Any professional involved in the valuation of private capital investments will agree that the International Private Equity and Venture Capital Valuation (IPEV) guidelines are an essential resource. Widely recognized as the industry standard for private capital valuation, these guidelines (issued by the IPEV board) and their recommendations have been adopted by many of the world's leading private equity and venture capital firms.
In December 2022, the board released a new set of guidelines, replacing those from 2018. So, what exactly has changed? Join as we take you through 10 key updates and the best course of action to ensure you’re all caught up!
1. Valuing early-stage companies
The revised guidelines emphasize that the headline valuation amount rarely takes into consideration the different rights and preferences of all the share classes, each of which have different risk and return expectations.
Qualitative factors such as actual versus budget performance metrics, cash burn rate, market acceptance of product/service, company strategy, the timing of the next financing round, exit timing and exit strategy should be considered. The fair value approach should consider the most likely exit strategy.
Take action:
Use multiple valuation methods to corroborate the value of early-stage companies (taking into account qualitative factors and adjustments for different rights of various classes of shares).
2. Valuing debt investments
In non-actively traded markets, the par value should not be considered fair value, even if there is sufficient enterprise value to cover the liability.
Take action
Base discounted cash flow (DCF) valuation on outflows per the repayment schedule, discounted with risk-free rate and credit spread (calculated based on a yield analysis).
3. Distressed or dislocated markets and transactions due to geopolitical, macroeconomic or other significant global or local events
So, what needs to be done? Several things: Analyze the operational environment, closely assess maintainable earnings, account for impact of market conditions on cash balances, and consider one-time cash demands including a possible covenant breach due to reduced cash flow.

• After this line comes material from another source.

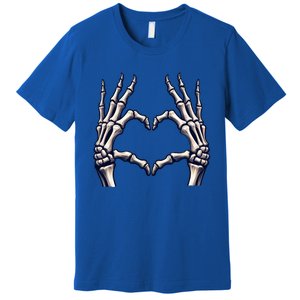 Skeleton Hands Heart Sign Scary Halloween Gift Premium T-Shirt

In the case of distressed transactions, individual transactions should be ‘orderly’ to ensure that they are indicative of fair value.
Take action
Valuation techniques such as scenario analysis are likely to be necessary.

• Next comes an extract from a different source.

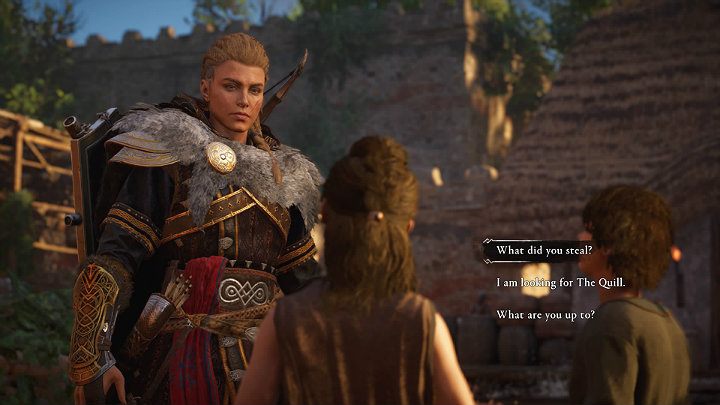Z rozmowy z dziewczynką dowiesz się, że wraz z przyjacielem nie pracują dla Pióra lecz kradną na ulicach, by móc trzymać się z dala od jego szponów - Assassins Creed Valhalla: Wyrywanie Pióra/Plucking the Quill - solucja - Assassins Creed Valhalla - poradnik do gry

Use the income approach. That means carrying out DCF valuation with scenario analysis based on risk-adjusted cash flows, discounted by the corresponding risk-adjusted discount rate (including additional risk factors not captured within the cash flows).
4. Known and knowable information
The updated guidelines emphasize incorporating all known or knowable information that is available — or would easily be available — through inquiry or due diligence as of the measurement date. Transactions anticipated to sign or close after the measurement date may also indicate an estimate of fair value at the measurement date. The timing of a transaction closing or signing should be considered when making judgments about what was known or knowable at the measurement date.
Take action
Gather relevant information, including information on macro-economic uncertainties and investment specific uncertainties at the measurement date.